Red Cell (Sweden) – All that She wants (sample track from Covered in Red, an EP of Swedish covers)

Red Cell has paid us a visit three times this year but only one of the songs we featured, ‘Om’ appears on this EP, released on 17th November with the smart title ‘Covered in Red’.

The reason is that this is an EP of covers, and ‘Om’, a classic hit for Niklas Strömstedt, was one of them.

I noted previously that it is difficult to compare originals and covers when you don’t know the original very well. Collectively they come, from Niklas Strömstedt, Tommy Körberg, Eva Dahlgren, Broder Daniel and Ace of Base.

Just about everyone in the UK knows Ace of Base of course so I’ll focus in on ‘All that she wants’, possibly their best known song and the first one to win them international acclaim. To the best of my knowledge Red Cell has never tackled a reggae song before.

It is apt that we should examine a song about undisguised promiscuity as we’ve had a couple of examples of that in other songs recently.

I was particularly intrigued as to how Red Cell would tackle the drum beat that caused Ace of Base such angst in getting it just right, with the help of celebrated producer Denniz Pop.

Well it’s still there but it takes a background seat to an overwhelming, portentous dark synth melody with occasional flashes of lighter notes that might be tiny lightning bolts. The (minor) key is the same one as far as I can tell.

The original might be someone, a neighbour perhaps, giving an interview to an investigative journalist from a tabloid newspaper about this woman of loose morals but there’s a much darker underbelly to Red Cell’s interpretation right from the get-go and its reggae-ness is eaten alive by the synthesisers.

“She’s going to get you” might mean something entirely different and much more sinister in this gloomy version and when Stefan Aronsson and Jimmy Skeppstedt sing together it might be two of her many previous acquaintances discussing how she used them, over a litre or two of Omnipollo Pils.

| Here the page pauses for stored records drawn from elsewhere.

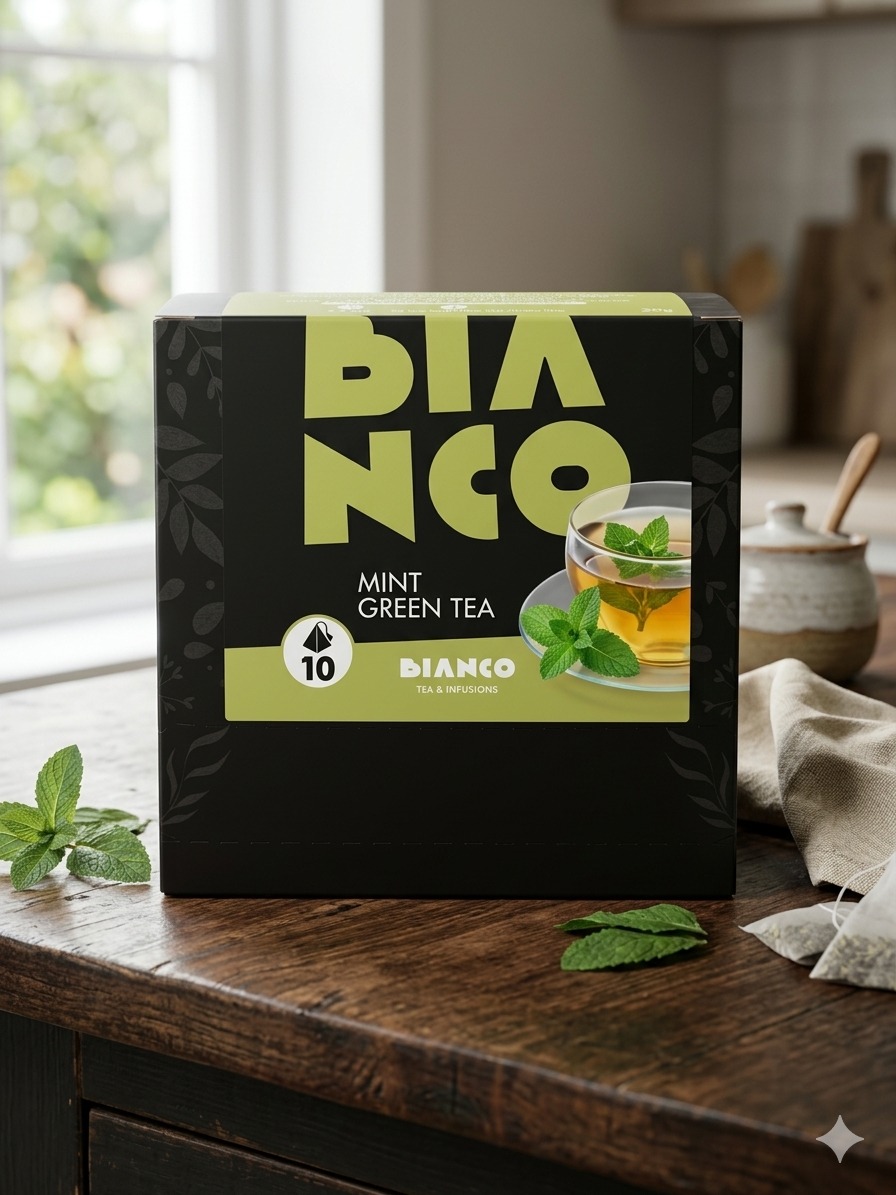 WhatsApp Image 2026 04 01 at 4.26.01 PM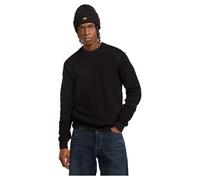 Sudadera G-Star XL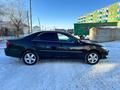 Toyota Camry 2005 года за 5 700 000 тг. в Кызылорда – фото 9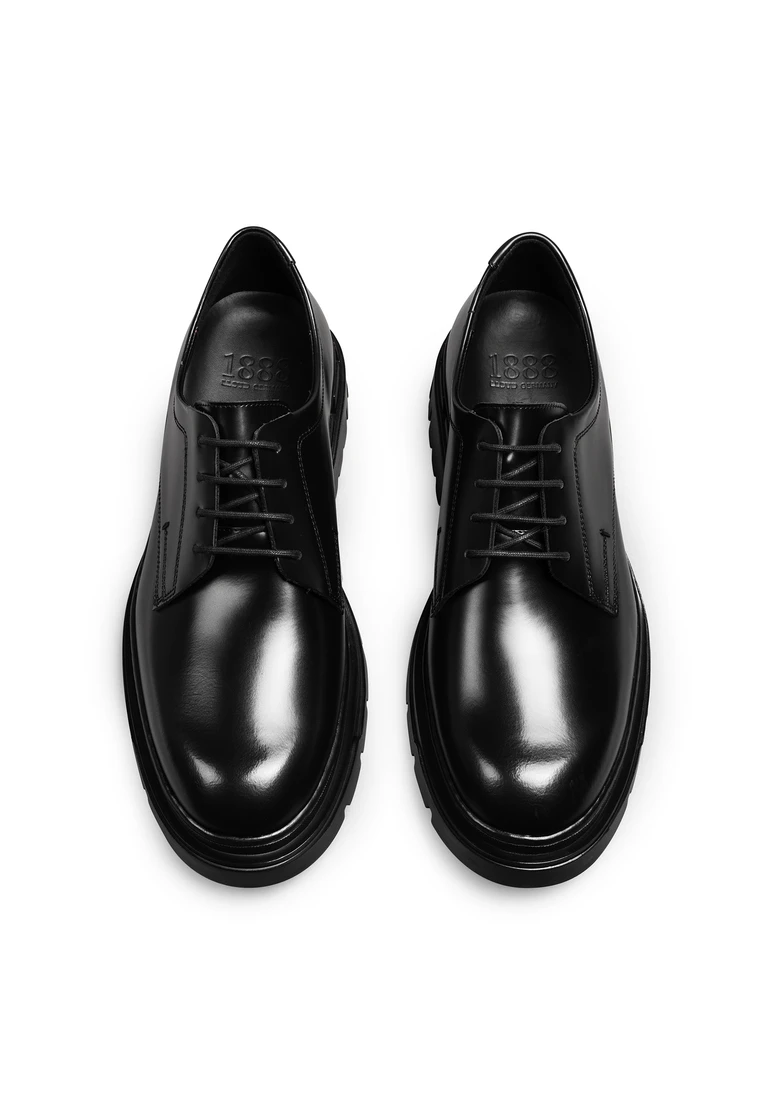 Lloyd WATERBURY Art. 24-716-00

What I’m saying is that they managed to imprint indelibly their own spin on it, just as I knew they would.

I said I wouldn’t comment on the other songs but I have to say that Tommy Körberg’s ‘Stad i ljus’ (‘City in Lights’) – a power ballad – is given a terrific makeover with Jimmy Skeppstedt taking centre stage. How did Andrea Bocelli get on board? The Royal Swedish Opera calls, Jimmy.